I've been working for an hour or less most days since the last update, and it didn't make sense to write an update for each day. So here's a summary of what's been happening.
I had originally intended 32-bit multiplies to be implemented in libgcc, but instead GCC is trying to cobble something together using 16-bit multiplies. That results in unexpectedly wrong results when signed multiplication is used. The problem here is that MPY does only unsigned multiplication, but the way the MULHI3 pattern is written, GCC assumes that signed multiplication is used. Unfortunately, I could find no way to rewrite this instruction to result in nice-looking code.
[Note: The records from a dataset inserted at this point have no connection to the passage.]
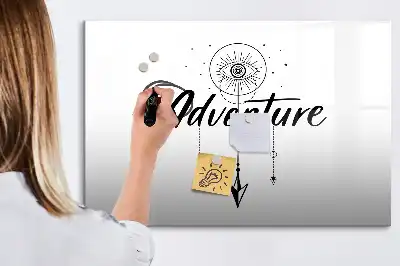 Quadro magnético para escrever tema Aventura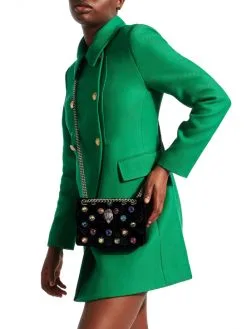 KURT GEIGER ΒΕΛΟΥΔΙΝΗ ΤΣΑΝΤΑ ΧΕΙΡΟΣ MINI KENSINGTON Μαύρο -ΓΥΝΑΙΚΕΙΕΣ ΤΣΑΝΤΕΣ Κατάστημα πωλήσεων 05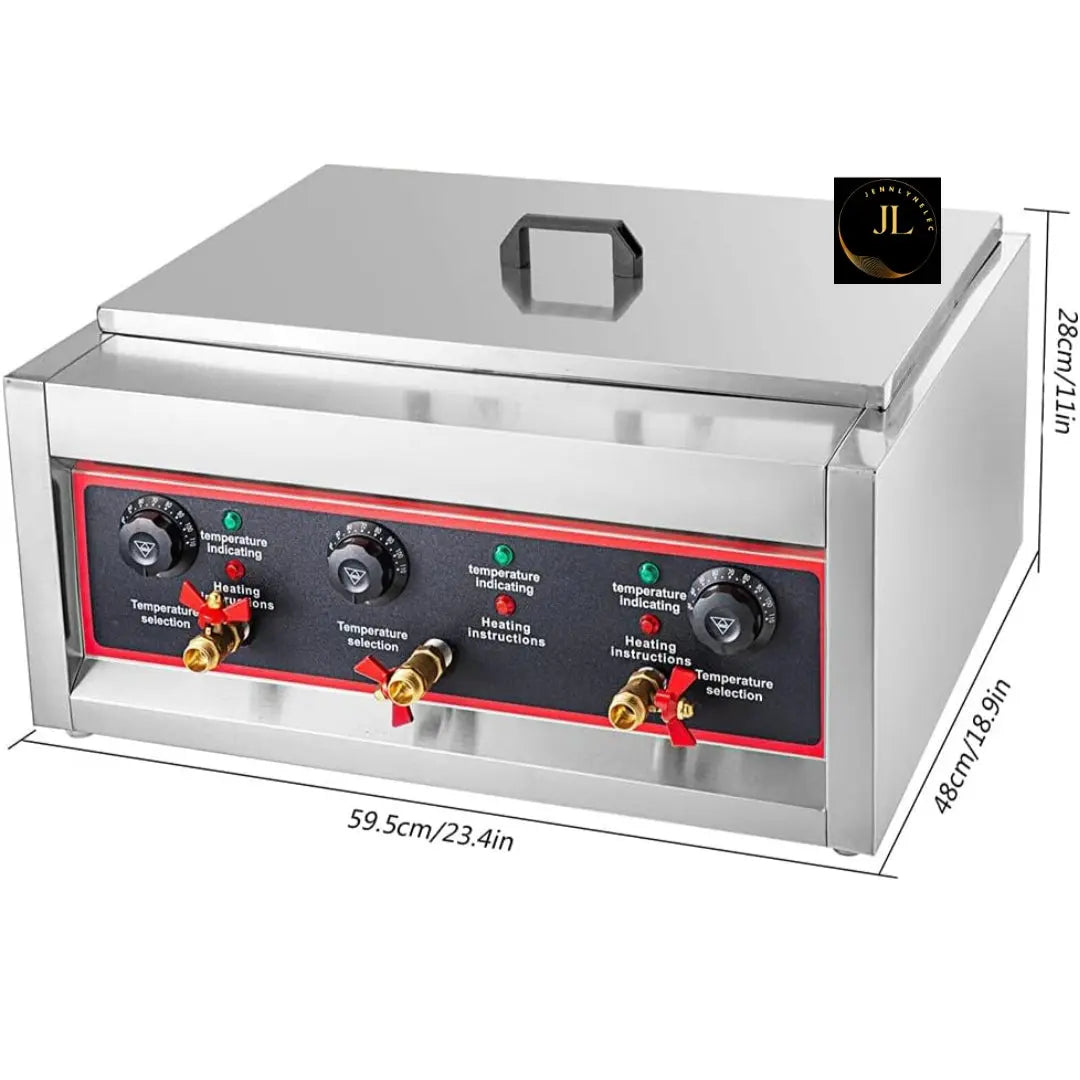 Cuiseur de Pâtes professionnel Électrique 6 Paniers en Acier Inoxydable 6000 watts Jennlynelec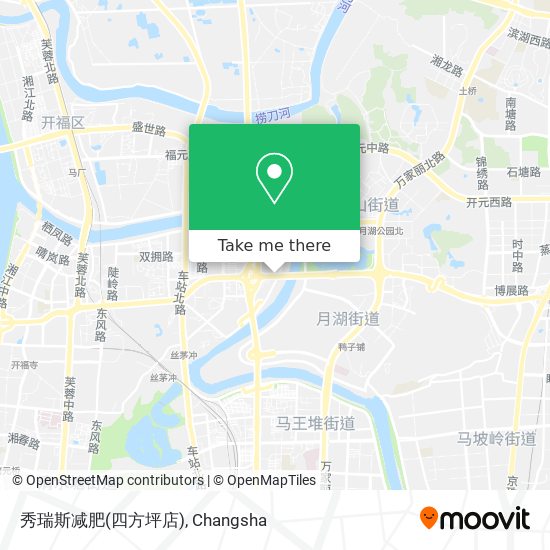 秀瑞斯减肥(四方坪店) map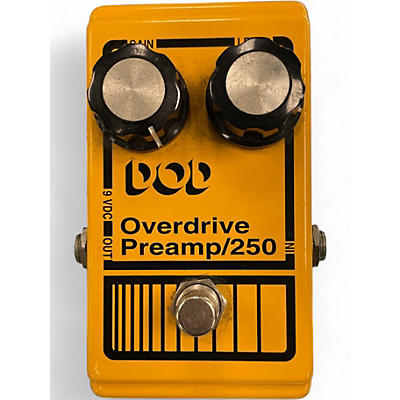 Used DOD Analog Overdrive Preamp 250 Effect Pedal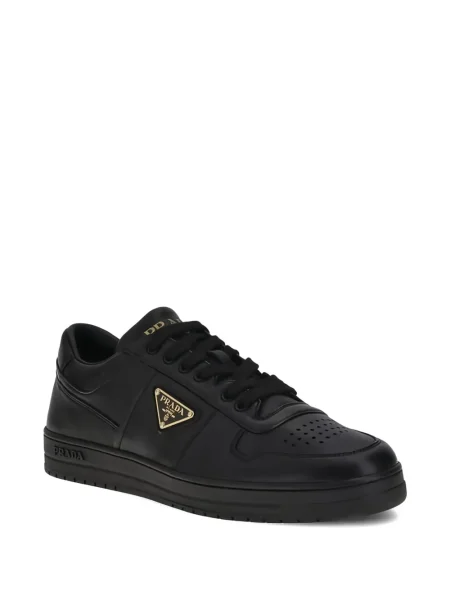 Sneakerși Prada din piele cu autograf negru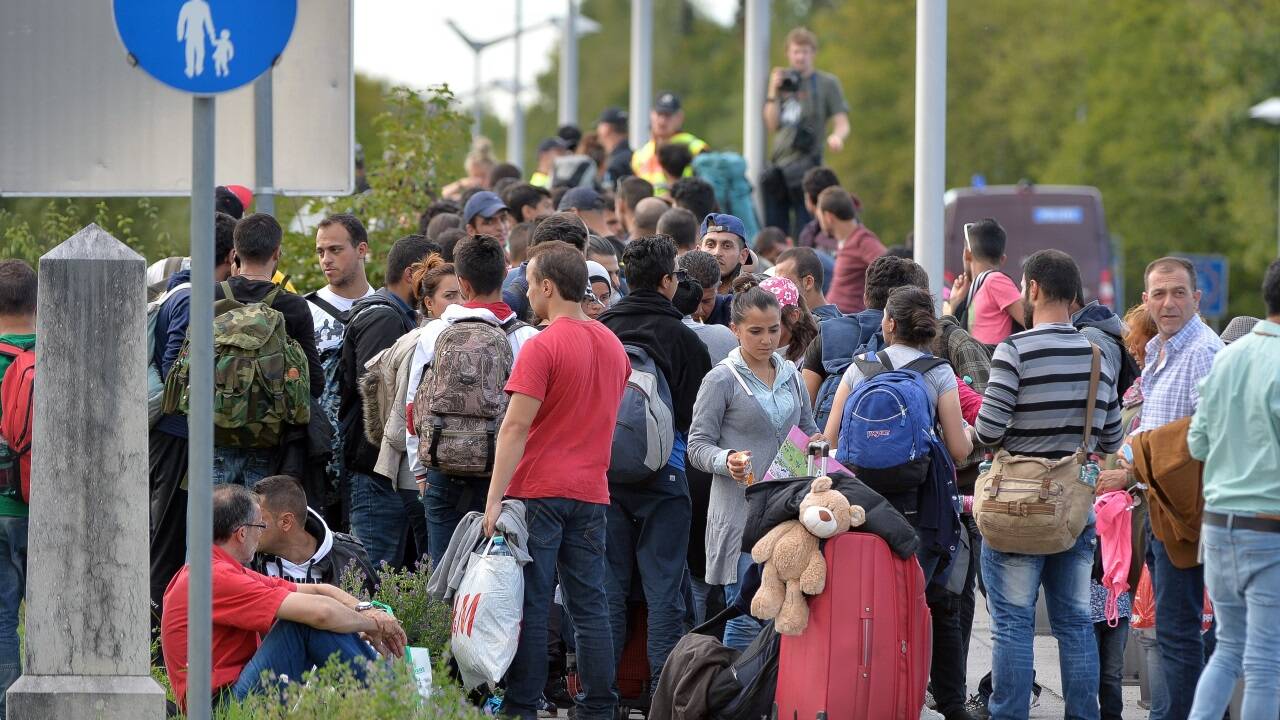 Die Flüchtlingswelle 2015. 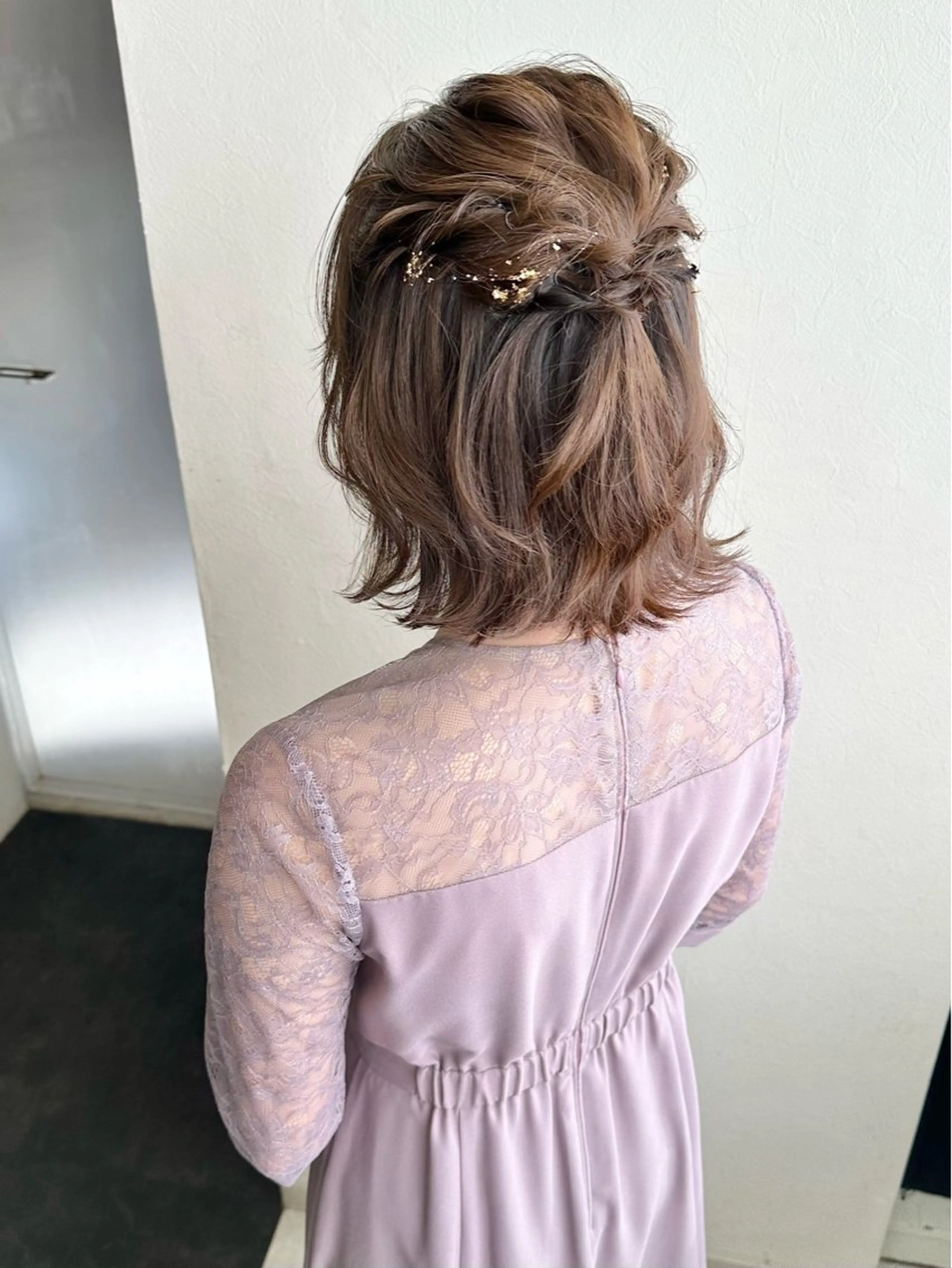 ヘアアレンジ ハーフアップ 谷口 弥生のヘアスタイル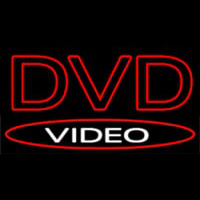 Dvd Video Neonskylt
The only way I could resolve the situation was to implement a MULSI3 instruction for inline 32-bit multiplies. There was an implementation commented out in the machine description file, but I was able to reduce it to nine instructions and two temporary registers. I'm not happy about this, but I can't think of a better solution.
The implementation of the TMS9900 libgcc source code has been totally refactored. Initially, I had an individual file for each libgcc function. There were quite a lot of them, and I would see default code unexpectedly linked into the test code. The problem there was that libgcc expects all assembly optimizations to be stored in a single file, pointed to the LIB1ASMSRC symbol in the makefile. Additionally, the LIB1ASMFUNCS symbol needs to contain a list of the implemented functions so the default ones will not be linked into the library. This was annoying to track down, since I couldn't find documentation for any of this, and had to rely on code used by other processors. All the libgcc functions have been tested, and work as expected.
I looked at the floating point emulation code, but it is mostly a mess of precompiler macros, and fails to build for 16-bit architectures. I think I got an error like "Here's a nickel kid, buy yourself a real processor..." This did not make me happy. My options now are to either refactor the existing code to support 16-bit machines, or write a new library from scratch. If I'm honest the second option seems more interesting.
After looking though the GCC documentation, I may have found a way to get rid of the fake PC register using UNSPEC instructions. These are unspecified machine-specific operations that might be used to handle returns or maybe even byte-to-word conversions. I would need to do some major testing for that one though.